1. More input samples can improve generalization ability
but not too many, too many samples lead to over fitting and poor generalization ability; The sample includes at least one turning point data
2. The number of neurons in the hidden layer should be as small as possible without affecting the performance. There are too many hidden layer nodes, resulting in the decline of generalization ability. There are only dozens to hundreds of neurons to build rockets. Why do we need so many neurons to fit hundreds of data
3. If the error is small, the generalization ability is good; If the error is too small, it will over fit and the generalization ability will be poor
4. The choice of learning rate, especially the weight learning rate, has a great impact on the network performance.

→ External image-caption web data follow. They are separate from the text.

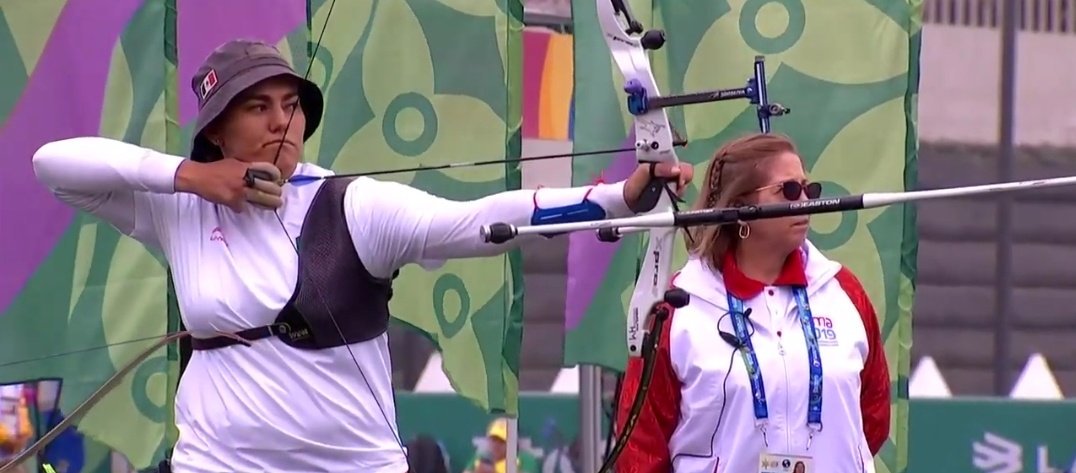 DeporteOlimpMx's tweet photo. #Lima2019 🇵🇪 #TiroConArco 🎯 🏹

Alejandra Valencia 🇲🇽 vence a Erin Mickelberry 🇺🇲 en flecha de desempate y avanza a Semifinales.

La arquera mexicana enfrentará en semifinales a Ana María Rendon 🇨🇴 el próximo Domingo a la 1pm. https://t.co/WNUxsS3zty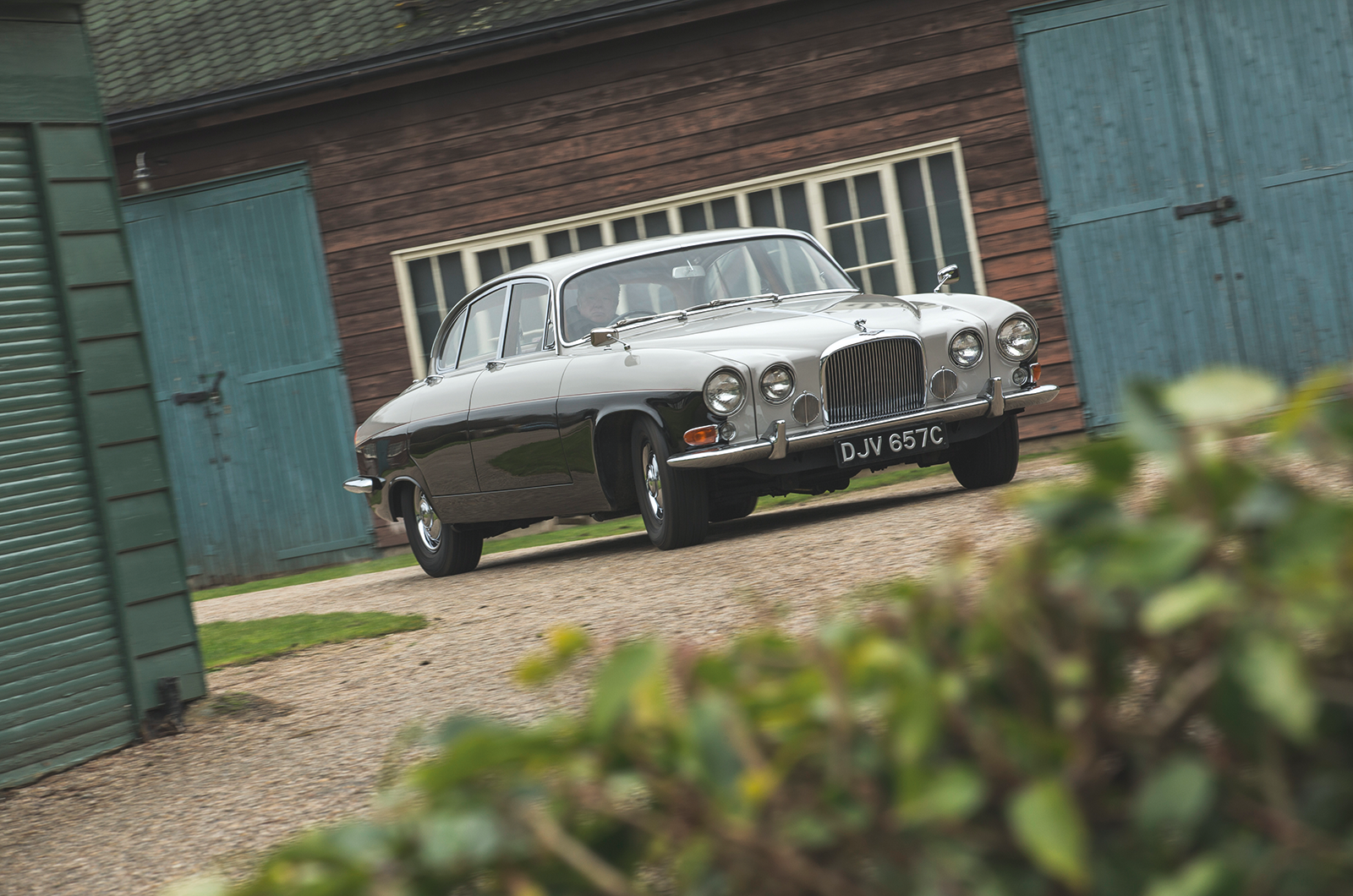 Classic & Sports Car – When size matters: Jaguar MkVIIM vs MkX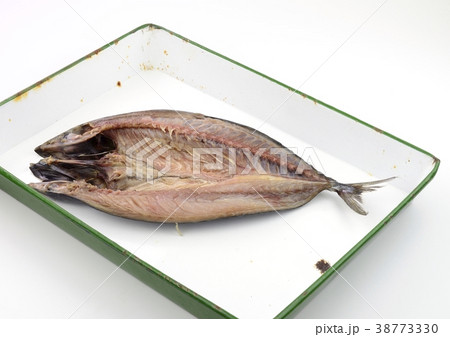 古いホーロートレーのサバの開き 古いホーロートレーのサバの開き 38773330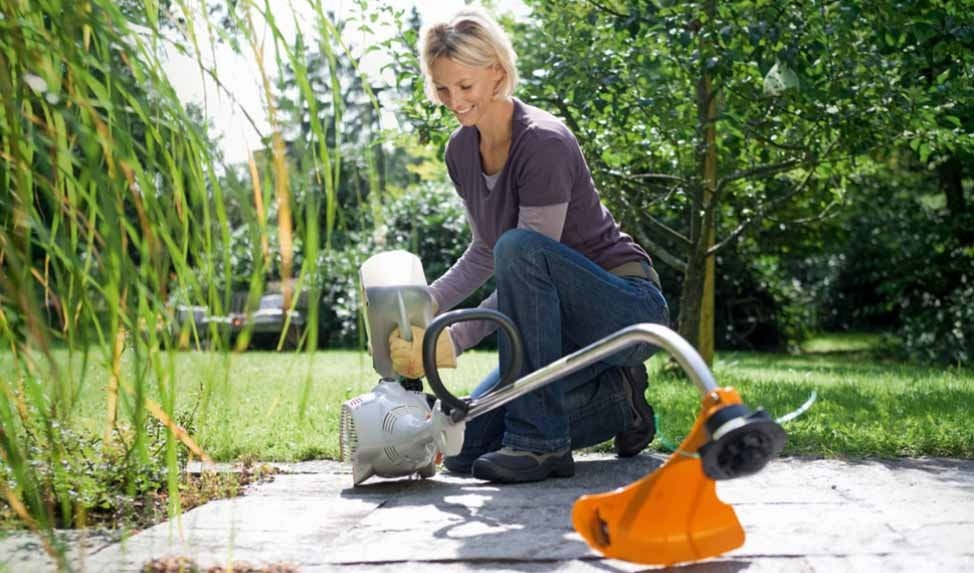 Лучшая легкая газонокосилка для женщин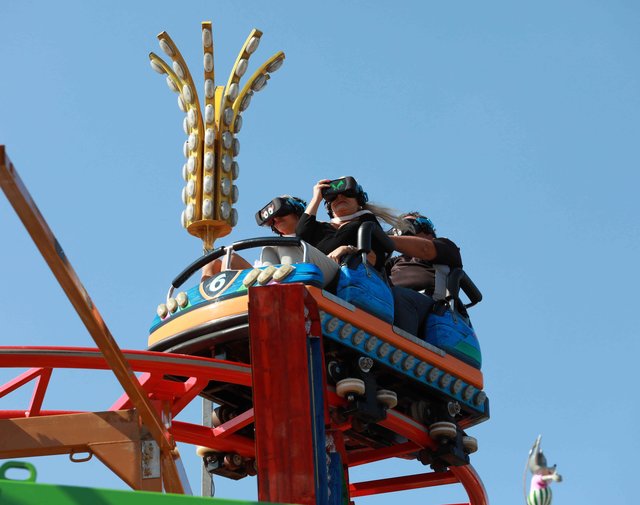 Erster Rundgang am Herbstvolksfest 2019.  | Foto: Udo Dreier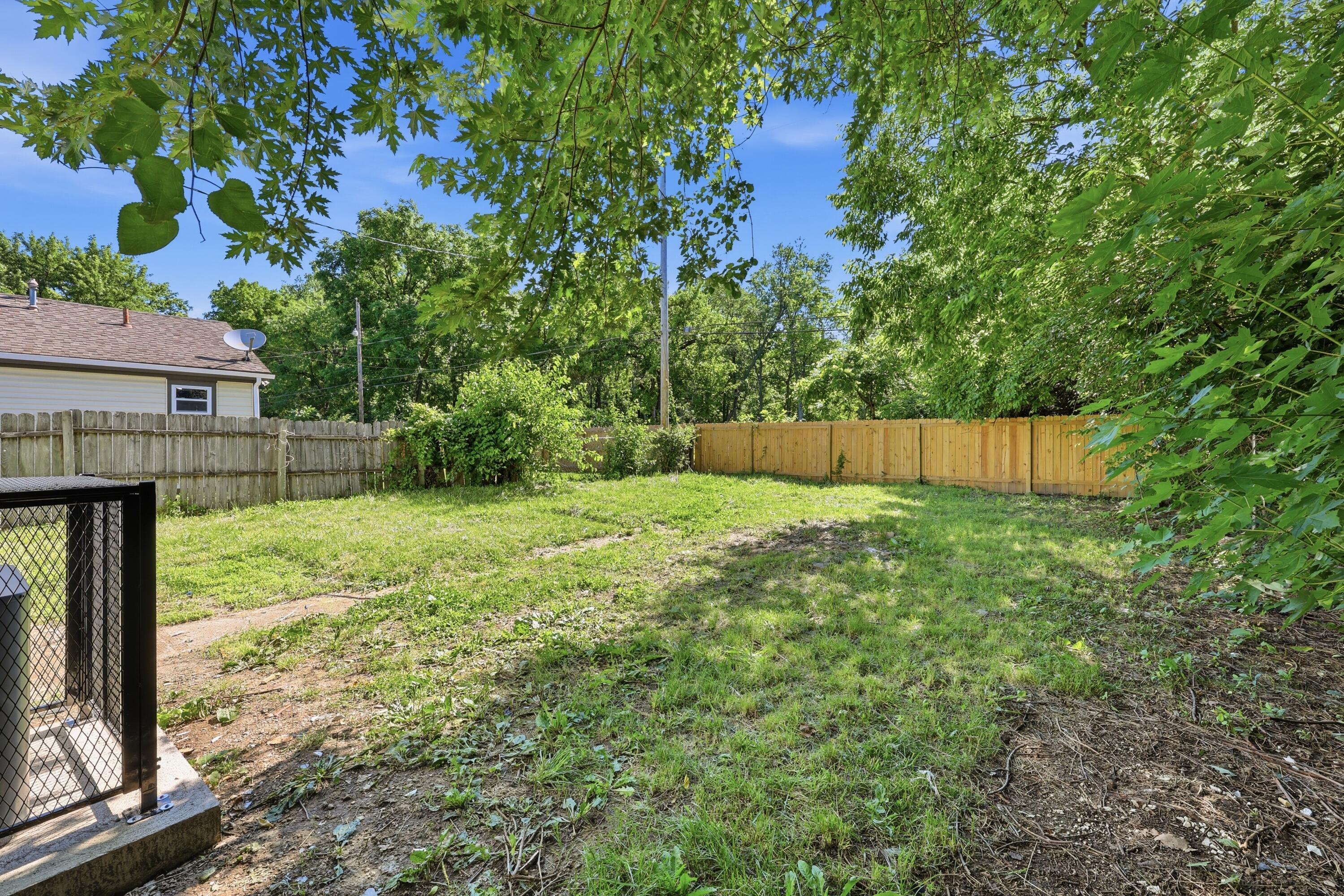 966 Whitethorne Avenue Property Photo 23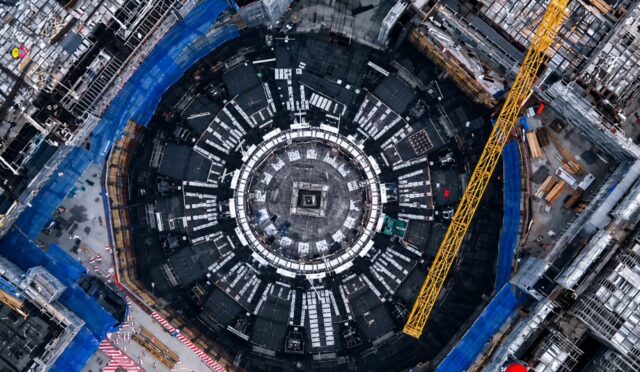 Worlds-Largest-Fusion-Magnet-1024x534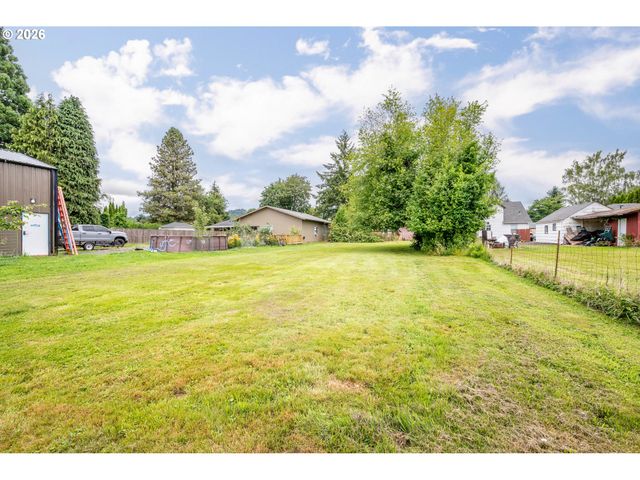 3257 PINE St, Longview, WA 98632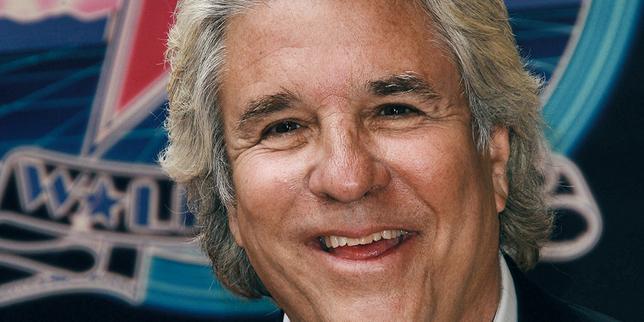Qui est vraiment Jon Peters, le nouveau mari de Pamela Anderson ?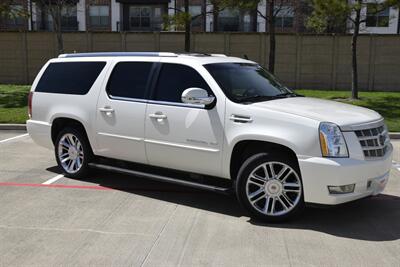 2013 Cadillac Escalade ESV PREMIUM   - Photo 22 - Stafford, TX 77477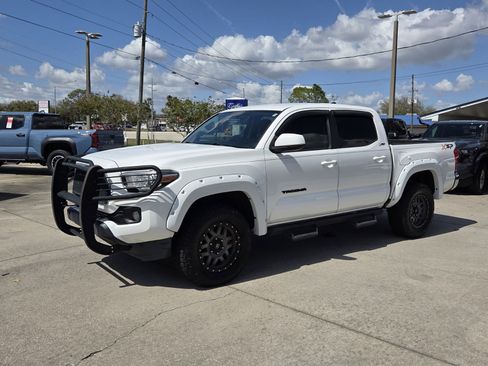 Used 2017 Toyota Tacoma SR5 w/ Tow Package image 3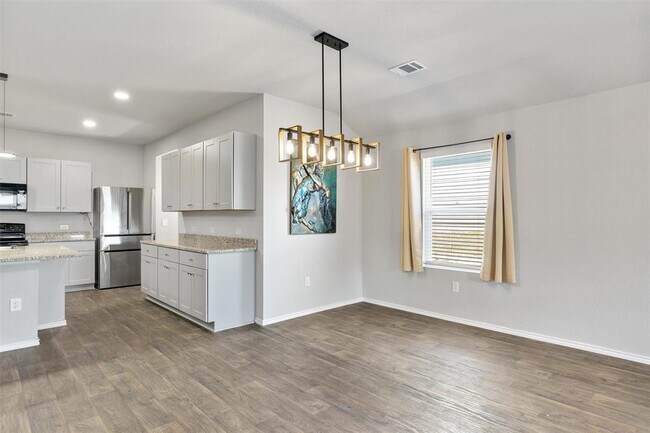 Building Photo - 6021 Roderick Dr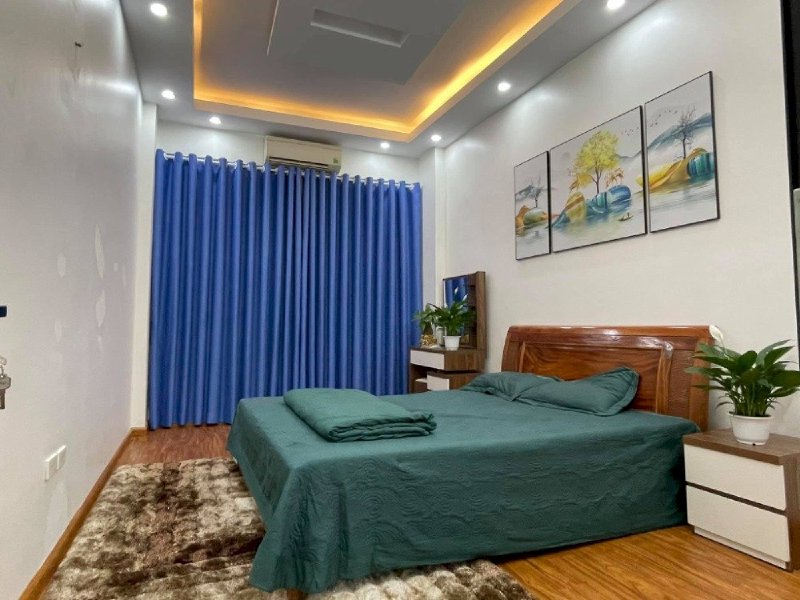 Bán Nhà Trích Sài 35m2*4pn– Gần Ô Tô - Thoáng Trước Sau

If it is too small, the convergence speed is very slow, and it is easy to fall into local minimization; If it is too large, the convergence speed is fast, but it is easy to swing, and the error is difficult to rece; The general weight learning rate is slightly larger than the required error; In addition, the variable learning rate can be used to increase the learning rate when the error is large, and then rece the learning rate when the error is small, so that the convergence is faster, the learning effect is better, and it is not easy to fall into local minimization
5. The training can be terminated at any time when the error meets the requirements, so as to avoid over fitting; The local weights can be adjusted to accelerate the local convergence.
no matter how large it is, it requires high computational power. Even if there are many samples, it will converge in the end. Several years have passed, and it is meaningless unless it is to experiment with a new algorithm.